La lecture de contes, les scènettes et les représentations ne
sont pas non plus à bannir :
« Il veut jouer, je dis qu’il doit jouer. Il veut rire, donc son rire doit
s’élever clair et joyeux. Il veut faire quelque chose, n’importe quoi. Si ce
n’importe quoi n’est pas contraire ni à la santé ni au bien-être de son voisin,
de son camarade, dans le cas où on l’a transformé en écolier, laissez-le faire.

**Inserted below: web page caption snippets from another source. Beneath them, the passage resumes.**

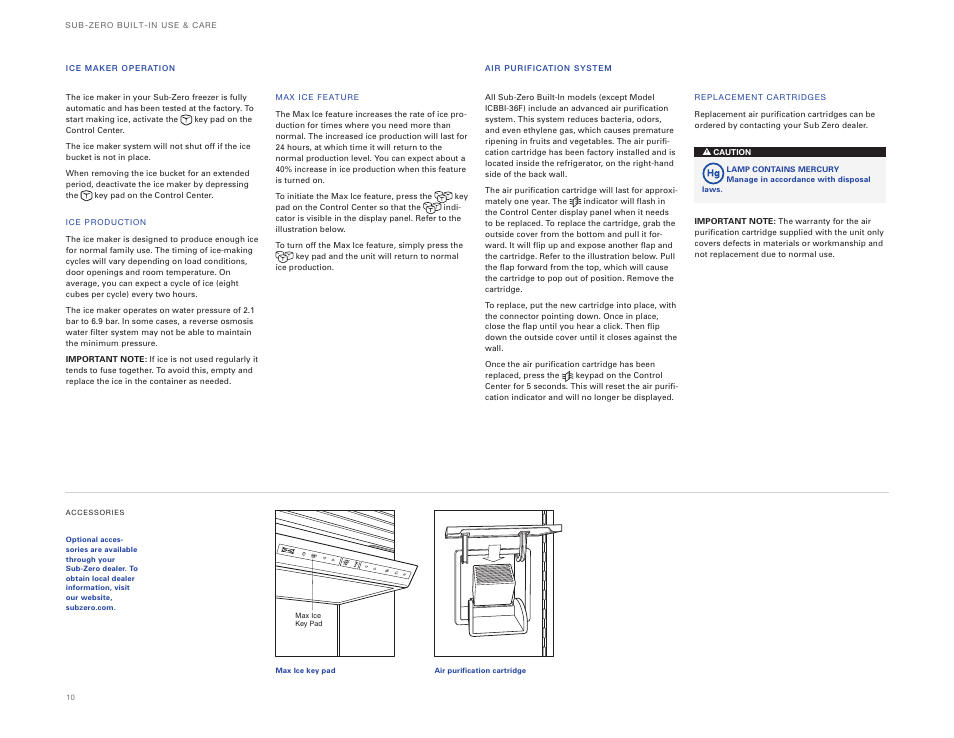 Sub-Zero ICBBI-36UG User Manual | Page 10 / 98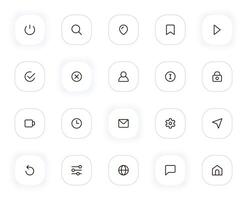 Interface essential line icons set. Editable Stroke. 24x24 Pixel Perfect. vector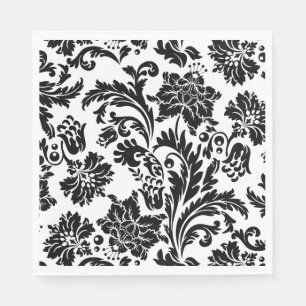Black and white damask print paper napkins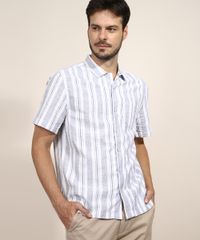 Camisa-Masculina-Relaxed-Listrada-com-Linho-e-Bolso-Manga-Curta-Branca-9948624-Branco_5
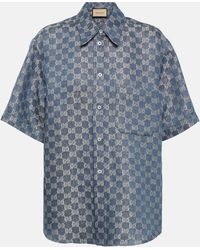 Gucci - gg Linen Jacquard Short Sleeve Shirt - Lyst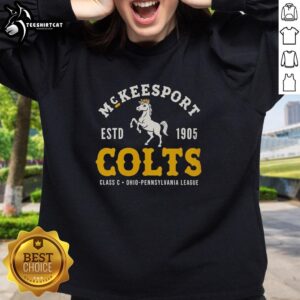 Funny Mckeesport Colts Baseball 1905 Classic C sweatshirt, perfect for fans of Ohio-Pennsylvania League history.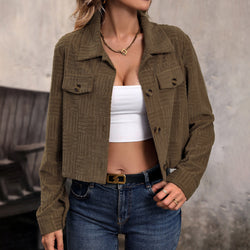 Corduroy jacket short coat lapel early autumn coat women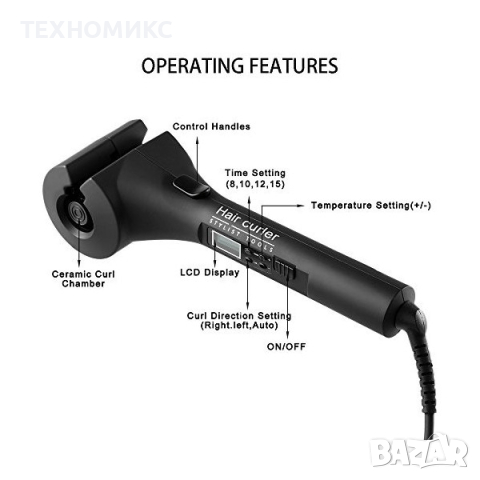 Високотехнологична керамична преса за къдрене на коса с LED дисплей

, снимка 2 - Преси за коса - 44582706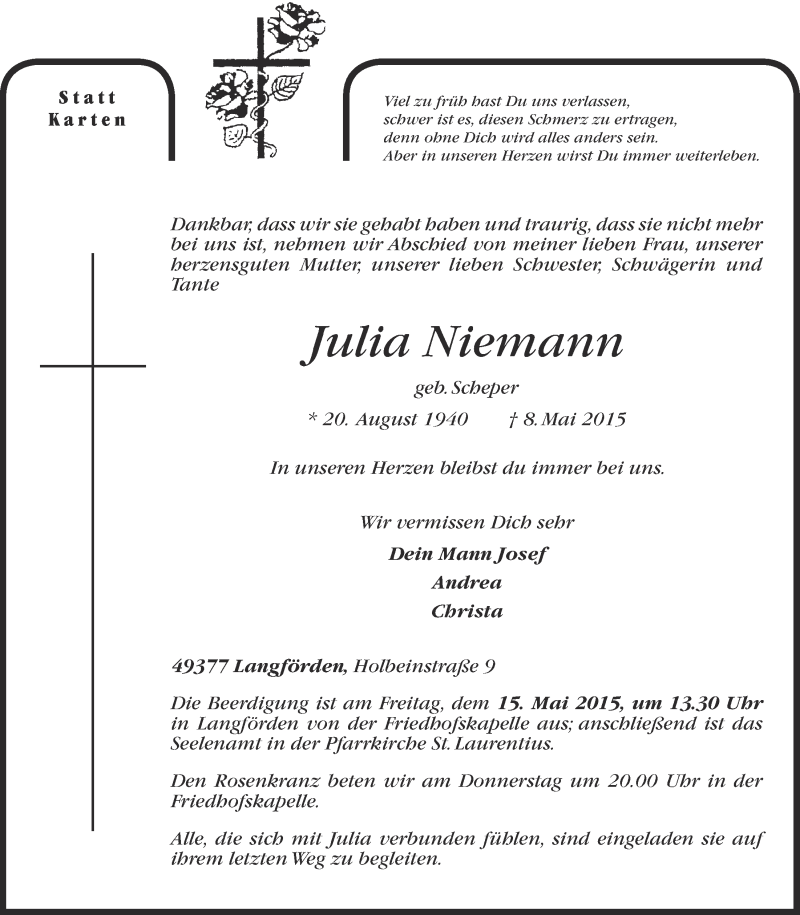  Traueranzeige für Julia Niemann vom 12.05.2015 aus OM-Medien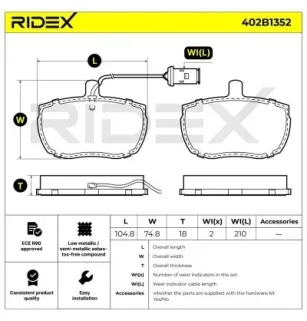 Brake pads for ALFA ROMEO, FIAT, FORD, IVECO, LAND ROVER, ROVER- GBP287, GBP292, GBP663, GBP90290, RTC4518 STC9187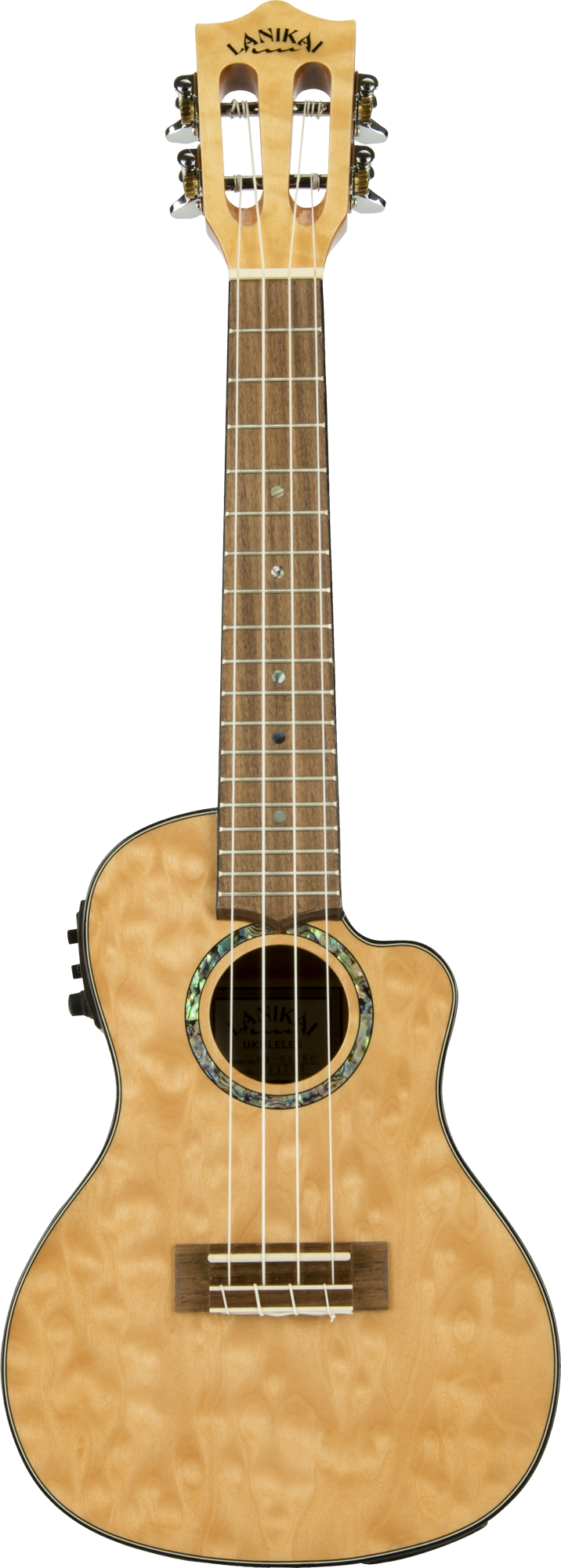 Lanikai Quilted Maple QM-NACEC Electric Natural Concert Ukulele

Vous n’avez pas le droit de le tenir courbé sur son livre ; vous n’avez
pas le droit de l’empêcher de respirer, de l’empêcher de se tenir comme il
l’entend pour l’obliger à appliquer ses petits doigts malhabiles à tracer des
lignes sur une feuille de papier, pour faire une belle page d’écriture. Je vous
refuse absolument le droit de faire couler ses larmes parce qu’il est incapable
d’attention et qu’il ne s’attache pas aux belles choses qu’on lui raconte sur
la morale ou l’histoire, alors qu’un conte bleu ferait bien mieux son affaire.
La force primerait-elle donc encore le droit ? ». Du
reste, en cette fin de 19e siècle, les spectacles de marionnettes ou
d’ombres chinoises vont faire leur apparition dans les écoles maternelles à la
suite des lanternes magiques, bien avant que l’utilisation de ce support
pédagogique ne soit reconnu par les pédopsychiatres (2).
Dans ses essais, Jeanne
Girard attire l’attention des maîtresses débutantes sur « la jolie vaillante de l’Ecole maternelle « à la française »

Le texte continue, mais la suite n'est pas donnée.